Captioned web images
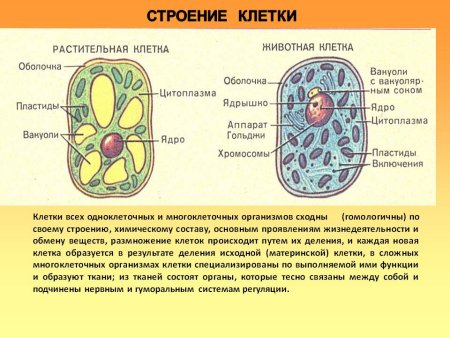 Формы клеток одноклеточных и многоклеточных организмов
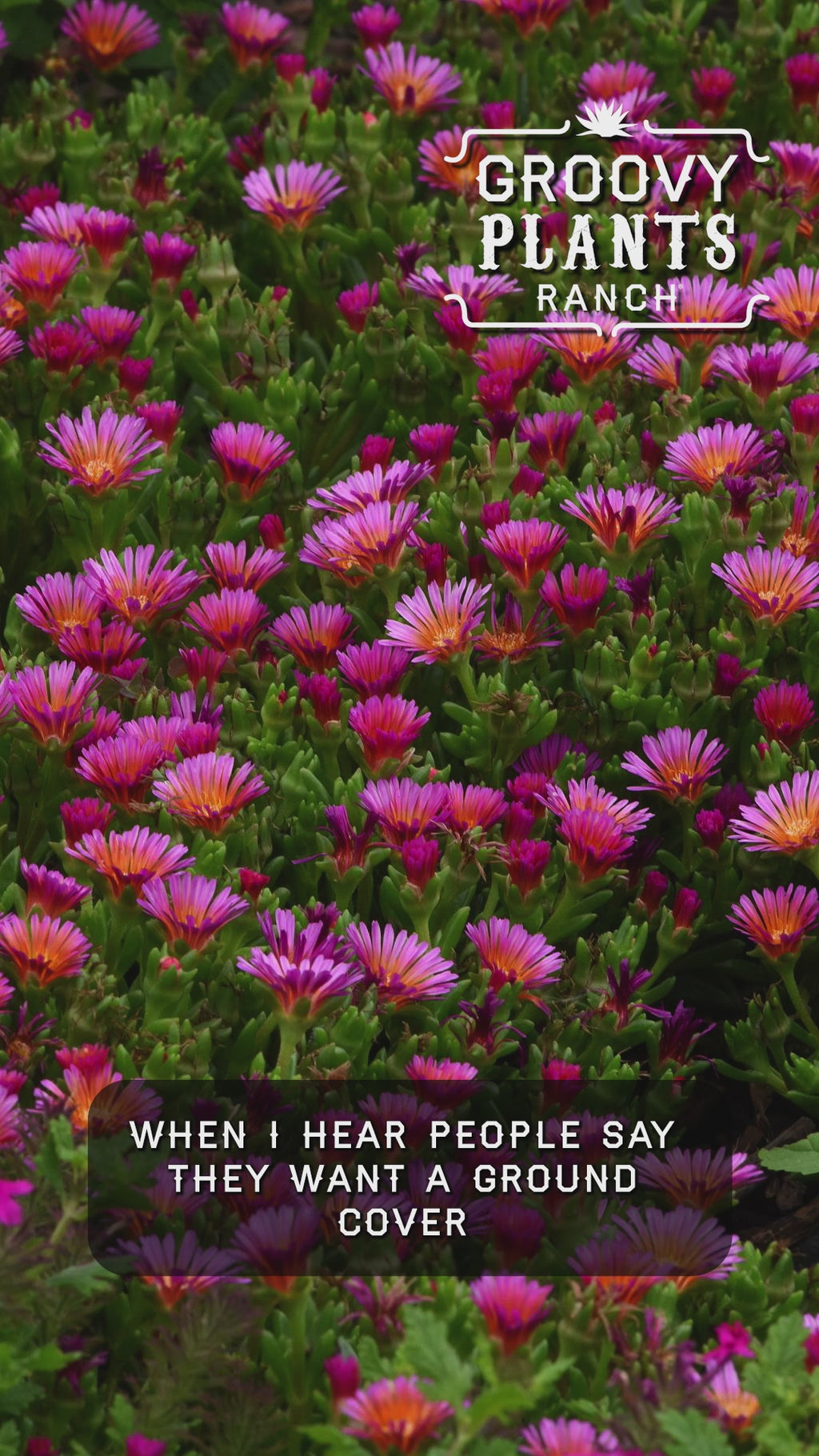 Ice Plant Ocean Sunset™ 'Orange Glow' ~ Trio of 3 Hefty Plants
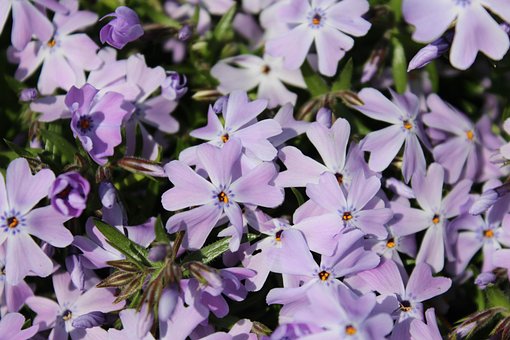 Free Creeping Phlox Flower photo and picture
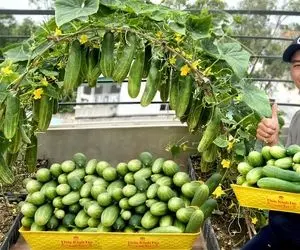 کشاورزی خلاقانه؛ ترفند های طلایی کاشت خیار جوری که خروار خروار محصول بده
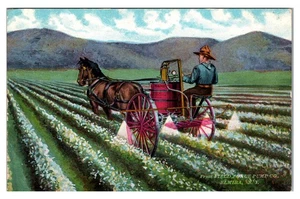 ELMIRA, NEW YORK - FIELD FORCE PUMP CO -OLD ADVERTISING POSTCARD - Picture 1 of 2
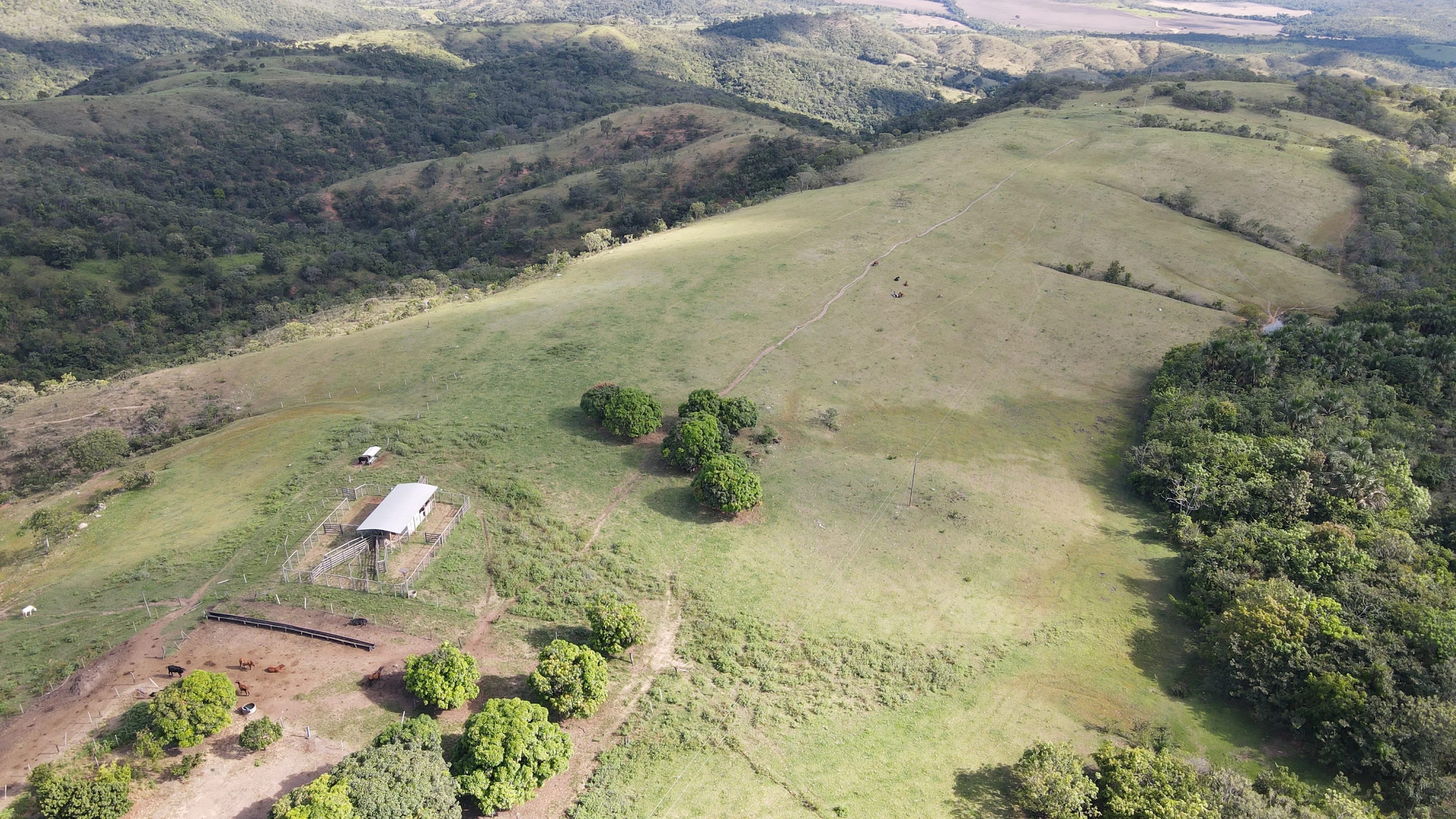 EXCELENTE FAZENDA COM DUPLA APTIDÃO EM VAZANTE/ MG - 360 HECTARES
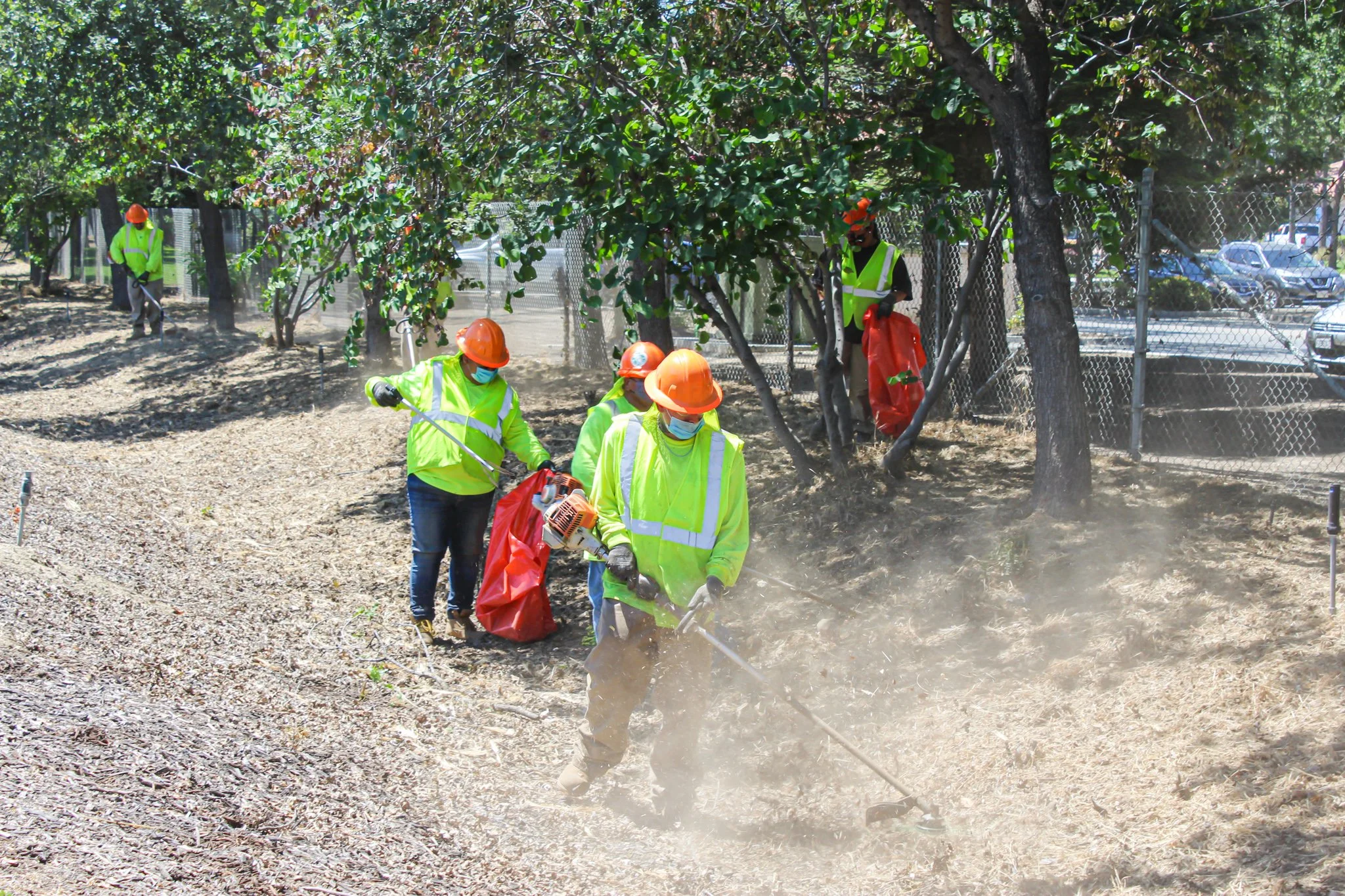 Back2Work crew trimming weeds along local highway..jpg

* Work to complete *
Please copy exactly the lines from the one containing "EXCELENTE FAZENDA COM" through the last line of the records above, both included, and leave out any pictures.

* Response *
 EXCELENTE FAZENDA COM DUPLA APTIDÃO EM VAZANTE/ MG - 360 HECTARES
 Back2Work crew trimming weeds along local highway..jpg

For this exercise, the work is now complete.